Effects of quantitative disorder on the electronic structures of Si and Ge

Abstract

We have attempted to model the electronic structures of glow-discharge amorphous-Si-based alloys by studying the effects of specific kinds of quantitative disorder on the band structures of crystalline Si. A realistic tight-binding Hamiltonian has been developed, including third-nearest-neighbor interactions, which reasonably describes both the valence and first three conduction bands of the crystalline materials. Quantitative disorder is investigated by transforming a disordered system of identical atoms to an ordered diamondlike system with disordered potentials.
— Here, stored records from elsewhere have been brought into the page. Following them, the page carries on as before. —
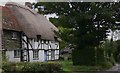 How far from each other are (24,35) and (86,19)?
23.7ft

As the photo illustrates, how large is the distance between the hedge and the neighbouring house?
7.53m

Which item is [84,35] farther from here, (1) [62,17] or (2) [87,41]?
(1) [62,17]

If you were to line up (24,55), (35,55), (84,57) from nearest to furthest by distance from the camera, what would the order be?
(84,57)
(24,55)
(35,55)

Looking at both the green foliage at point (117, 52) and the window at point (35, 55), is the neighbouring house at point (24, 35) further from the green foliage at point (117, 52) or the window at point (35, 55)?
the green foliage at point (117, 52)

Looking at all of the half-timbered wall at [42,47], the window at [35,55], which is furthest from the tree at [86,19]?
the window at [35,55]

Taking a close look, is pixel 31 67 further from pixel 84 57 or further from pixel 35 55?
pixel 35 55

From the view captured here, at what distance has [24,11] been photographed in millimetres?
29141

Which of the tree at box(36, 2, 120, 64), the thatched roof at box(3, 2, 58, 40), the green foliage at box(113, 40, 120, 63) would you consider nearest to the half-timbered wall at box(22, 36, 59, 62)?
the thatched roof at box(3, 2, 58, 40)

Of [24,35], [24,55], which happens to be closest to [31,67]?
[24,55]

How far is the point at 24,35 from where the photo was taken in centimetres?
2625

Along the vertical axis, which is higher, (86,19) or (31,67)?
(86,19)

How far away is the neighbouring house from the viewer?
950 inches

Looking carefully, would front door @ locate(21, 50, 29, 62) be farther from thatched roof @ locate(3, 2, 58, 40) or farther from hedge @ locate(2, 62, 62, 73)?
hedge @ locate(2, 62, 62, 73)

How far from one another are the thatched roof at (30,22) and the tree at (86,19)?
14.8 ft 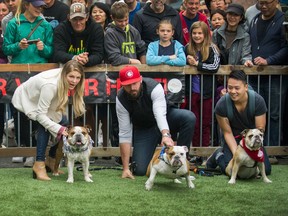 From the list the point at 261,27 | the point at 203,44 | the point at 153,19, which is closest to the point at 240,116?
the point at 203,44

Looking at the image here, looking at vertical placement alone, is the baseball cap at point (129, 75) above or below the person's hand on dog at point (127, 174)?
above

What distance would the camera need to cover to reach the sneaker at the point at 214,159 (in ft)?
31.8

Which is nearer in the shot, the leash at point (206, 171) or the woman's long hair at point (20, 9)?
the leash at point (206, 171)

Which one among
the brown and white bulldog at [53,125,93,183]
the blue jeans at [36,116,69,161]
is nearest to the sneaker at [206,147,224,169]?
the brown and white bulldog at [53,125,93,183]

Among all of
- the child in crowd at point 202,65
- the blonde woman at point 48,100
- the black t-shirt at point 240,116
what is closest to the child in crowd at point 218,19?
the child in crowd at point 202,65

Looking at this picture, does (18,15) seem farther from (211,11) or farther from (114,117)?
(211,11)

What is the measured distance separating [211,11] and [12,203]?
5.96 m

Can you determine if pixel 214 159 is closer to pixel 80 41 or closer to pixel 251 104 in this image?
pixel 251 104

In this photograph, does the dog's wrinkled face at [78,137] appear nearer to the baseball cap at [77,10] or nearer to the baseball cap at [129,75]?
the baseball cap at [129,75]

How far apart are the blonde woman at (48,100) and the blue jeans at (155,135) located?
1.05m

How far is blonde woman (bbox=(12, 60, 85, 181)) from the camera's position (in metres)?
8.76

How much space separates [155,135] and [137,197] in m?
1.93

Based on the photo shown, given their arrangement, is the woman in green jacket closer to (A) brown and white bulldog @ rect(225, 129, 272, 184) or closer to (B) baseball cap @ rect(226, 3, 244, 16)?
(B) baseball cap @ rect(226, 3, 244, 16)

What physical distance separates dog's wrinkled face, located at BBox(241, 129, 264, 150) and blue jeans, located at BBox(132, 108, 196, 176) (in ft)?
3.15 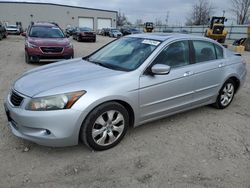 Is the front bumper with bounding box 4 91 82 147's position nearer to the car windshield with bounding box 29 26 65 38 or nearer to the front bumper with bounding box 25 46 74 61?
the front bumper with bounding box 25 46 74 61

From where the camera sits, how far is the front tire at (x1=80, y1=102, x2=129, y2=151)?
117 inches

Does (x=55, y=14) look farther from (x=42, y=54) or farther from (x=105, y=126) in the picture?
(x=105, y=126)

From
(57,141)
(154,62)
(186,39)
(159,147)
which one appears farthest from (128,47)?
(57,141)

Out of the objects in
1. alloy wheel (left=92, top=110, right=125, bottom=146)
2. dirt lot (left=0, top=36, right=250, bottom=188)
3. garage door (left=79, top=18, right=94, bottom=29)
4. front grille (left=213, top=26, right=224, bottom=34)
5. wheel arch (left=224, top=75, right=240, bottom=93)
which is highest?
garage door (left=79, top=18, right=94, bottom=29)

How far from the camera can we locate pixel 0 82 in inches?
253

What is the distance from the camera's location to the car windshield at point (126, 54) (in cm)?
356

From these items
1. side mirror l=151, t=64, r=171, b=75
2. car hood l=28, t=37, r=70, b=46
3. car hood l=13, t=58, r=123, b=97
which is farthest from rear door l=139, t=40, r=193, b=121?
car hood l=28, t=37, r=70, b=46

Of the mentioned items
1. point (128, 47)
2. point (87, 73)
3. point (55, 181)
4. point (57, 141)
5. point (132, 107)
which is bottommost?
point (55, 181)

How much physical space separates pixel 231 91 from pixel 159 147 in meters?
2.43

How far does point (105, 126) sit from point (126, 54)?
1.32m

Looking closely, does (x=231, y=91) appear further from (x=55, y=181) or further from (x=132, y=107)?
(x=55, y=181)

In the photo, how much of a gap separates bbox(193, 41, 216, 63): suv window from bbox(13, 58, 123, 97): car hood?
5.35 feet

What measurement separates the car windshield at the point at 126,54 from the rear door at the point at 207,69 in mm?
881

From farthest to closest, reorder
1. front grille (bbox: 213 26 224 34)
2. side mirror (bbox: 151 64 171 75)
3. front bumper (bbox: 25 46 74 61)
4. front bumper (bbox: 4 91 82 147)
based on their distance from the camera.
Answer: front grille (bbox: 213 26 224 34) → front bumper (bbox: 25 46 74 61) → side mirror (bbox: 151 64 171 75) → front bumper (bbox: 4 91 82 147)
We find that, in both Si and Ge, bond-length distortions affect mainly the bottom of the valence band at ${\Gamma }_1$ and the low-density-of-states region around $X_1$, as well as the peaks of $L_{2^{\prime }}$ and $L_1$. One might expect, therefore, that localization would be present in both regions near ${\Gamma }_1$ and $X_1$. Moreover, bond-length distortions affect the bottom of the conduction-band edge in Ge but not in Si. Bond-angle distortions are found to cause shifts of band, primarily in the $p$-like regions of valence band. These shifts are to lower binding energies and are consistent with the steepening of the top of the valence-band edge, with disorder, as observed in photoemission measurements. Finally, our results also account for the merging of the $E_1$ and the $E_2$ peaks of the imaginary part of the dielectric function ${\epsilon }_2$, with disorder, as observed by spectroscopic ellipsometry and reflectivity measurements.